# What needs to be done:
Would you transcribe the line containing "Festival_Binh_thuan_2023_hauky-16-_final" and every line after it, through the end of the records below, exactly and with nothing else?

Short descriptive text snippets:
○ ○ ○ ○ ○ ○ ○
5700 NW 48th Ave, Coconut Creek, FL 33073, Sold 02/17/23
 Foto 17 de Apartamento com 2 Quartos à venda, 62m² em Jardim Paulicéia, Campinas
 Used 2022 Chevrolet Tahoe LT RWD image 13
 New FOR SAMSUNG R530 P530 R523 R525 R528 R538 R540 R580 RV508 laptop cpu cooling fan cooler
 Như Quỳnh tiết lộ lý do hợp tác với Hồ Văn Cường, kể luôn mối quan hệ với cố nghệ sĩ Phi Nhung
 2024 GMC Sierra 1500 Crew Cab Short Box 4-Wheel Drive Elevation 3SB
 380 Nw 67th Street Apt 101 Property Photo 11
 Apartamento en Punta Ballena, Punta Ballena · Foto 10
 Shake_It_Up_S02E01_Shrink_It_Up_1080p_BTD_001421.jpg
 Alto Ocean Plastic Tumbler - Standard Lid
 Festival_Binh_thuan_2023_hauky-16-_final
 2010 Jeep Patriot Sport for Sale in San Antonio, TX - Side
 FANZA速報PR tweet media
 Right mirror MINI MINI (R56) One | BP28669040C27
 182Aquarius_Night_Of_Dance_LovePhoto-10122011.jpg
○ ○ ○ ○ ○ ○ ○
# Answer for the task:
 Festival_Binh_thuan_2023_hauky-16-_final
 2010 Jeep Patriot Sport for Sale in San Antonio, TX - Side
 FANZA速報PR tweet media
 Right mirror MINI MINI (R56) One | BP28669040C27
 182Aquarius_Night_Of_Dance_LovePhoto-10122011.jpg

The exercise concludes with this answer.